By Katie Ritz
The buzz started around this time last year. The first crop of 2-year-olds from Sequel New York's Laoban were fast.
In a TDN series last spring polling various juvenile consignors and buyers, the son of Uncle Mo was on several shrewd observers' lists as a predicted under-the-radar stallion.
“Laoban is a sneaky one that I'm not sure if a lot of people will notice,” Brandon Rice had said last March. “I can see that there's guaranteed speed, and I could see him having a break out year…They all have a pleasing physical type. Horses that stamp their progeny this way usually have at least some level of success.”
“There's been some buzz surrounding him by the breeze-up consignors,” Justin Casse had echoed. “He's by Uncle Mo, which should help with precocity, and he has the numbers. I think he has a chance to be a premier stallion in New York going forward.”
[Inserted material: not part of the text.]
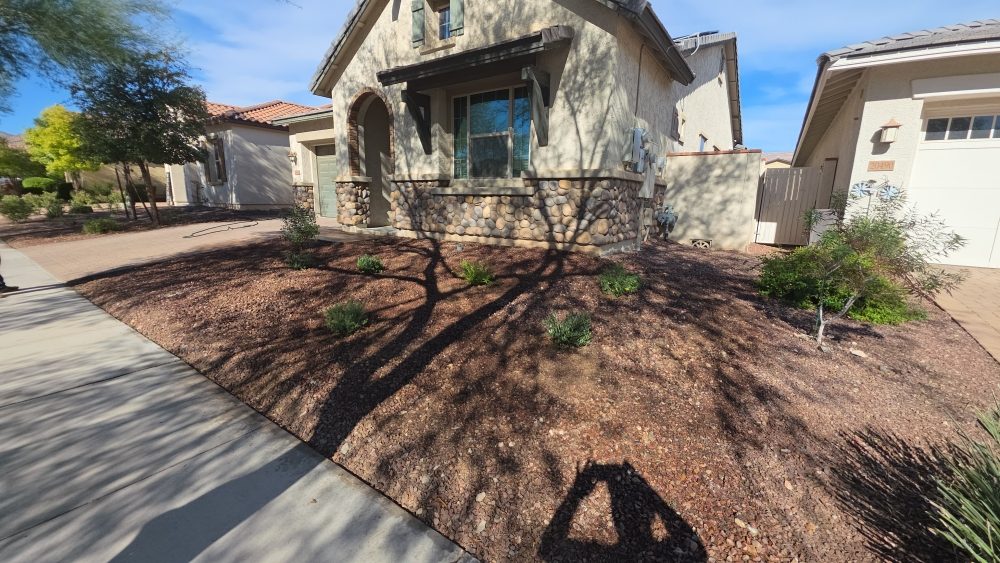 Front yard desert landscaping with fresh gravel and drought-tolerant plants next to a home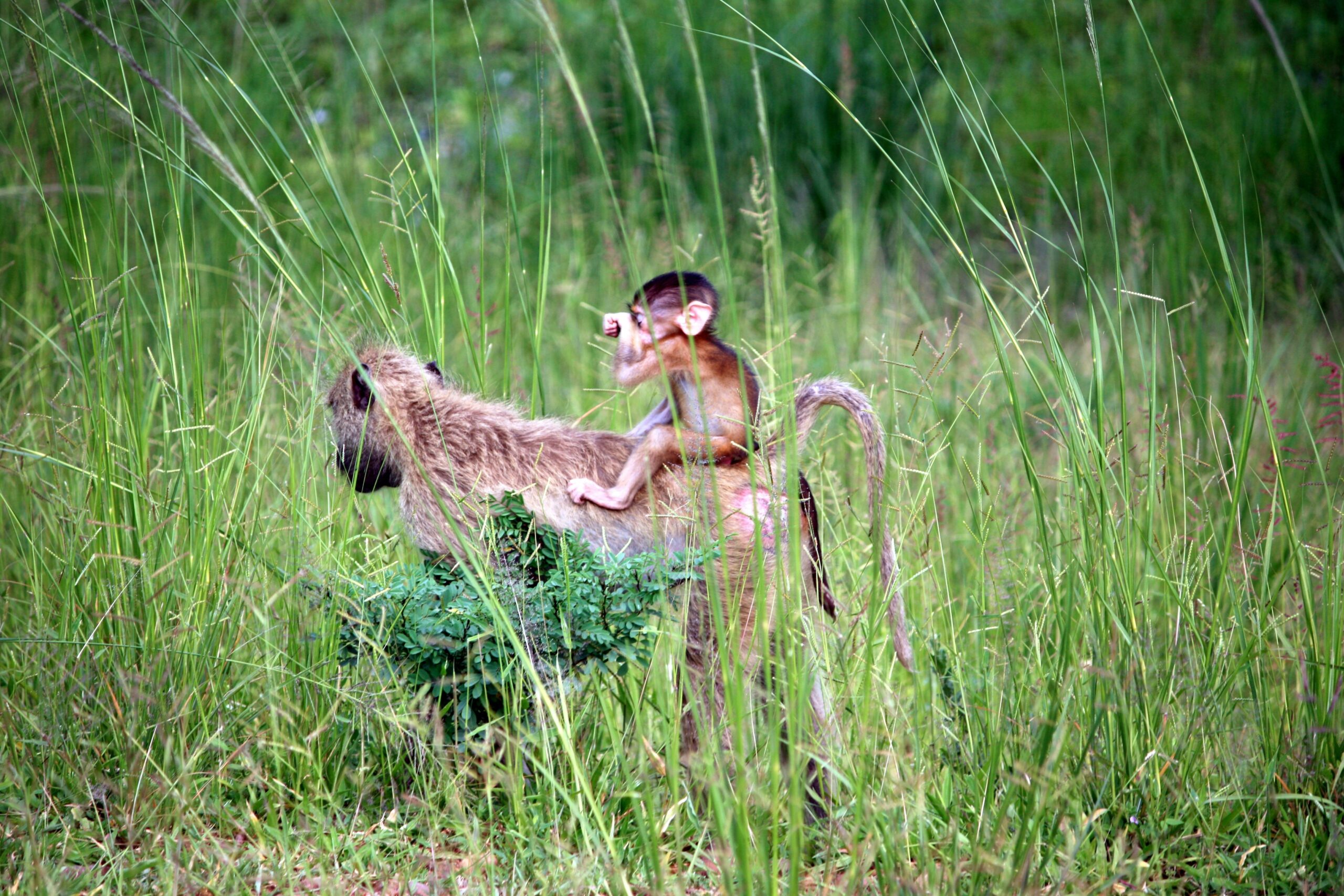 A proud hunter kneeling beside his dog holding a trophy buck antler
Casse was correct in hypothesizing Laoban's shot at becoming a premier stallion, but this year the young sire will have the opportunity to take it one step further by hosting his fifth book of mares in Kentucky.
One banner weekend at Keeneland's fall meet last year helped seal his destined Bluegrass move.
First his daughter Simply Ravishing took the GI Darley Alcibiades by over six lengths. Then the next day, his son Keepmeinmind ran second to Essential Quality (Tapit) in the GI Claiborne Breeders' Futurity.
Later that month, it was announced that Laoban would be relocating to WinStar Farm.
“Coming from New York, he stood his last season for $5,000,” said WinStar's David Hanley. “The difference in quality of mares he's getting now off a $25,000 fee, with the kind of physicals that he gets, I think he really has the possibility to be a big success as a stallion.”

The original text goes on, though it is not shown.